Thomas Dalton wrote:
On 04/01/2008, Jack Eapen C wrote:
By this time I hv figured out something Justing playing around with mediawiki and mysql fulltext search- I hv the following function:
$wgHooks['ArticleSaveComplete'][] = 'getNormalTextfromWikiText';
function getNormalTextfromWikiText(&$article,&$user,&$text) { global $wgParser; $result = $wgParser->parse($text, $wgParser->mTitle, $wgParser->mOptions); $new_text= $result->getText();
$dbw =& wfGetDB( DB_MASTER ); $dbw->insert( 'searchable_text', array( 'page_id' => $article->getID(), 'searchable_text' => $new_text ) ); return true;
}
You probably want to change that to the place where the page is rendered. Doing it there a) You're parsing it twice (and parsing is expensive). b) Your table is not updated when the page changes without being edited (eg. templates).
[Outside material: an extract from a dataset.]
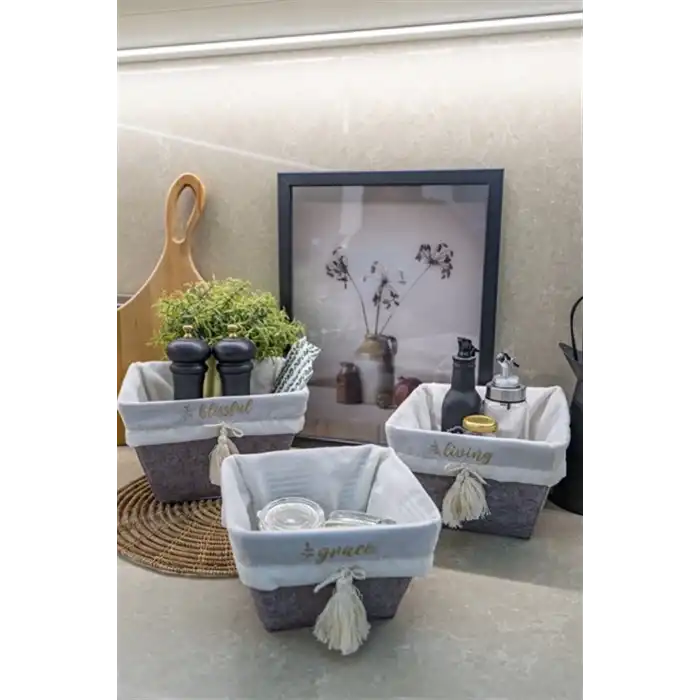 Çok Amaçlı Saklama Organizer Kutu Kare Keçe Sepet (mega) - 03419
Ah! I see. I was thinking about HTML tables and was completely confused! Would a simple regexp that removes everything between < and
do the trick? I've never really got the hang of regexps, so I won't
give you any code to try, but it should be a relatively easy one, I imagine.
You shouldn't use regex for HTML tags. Use the php function strip_tags()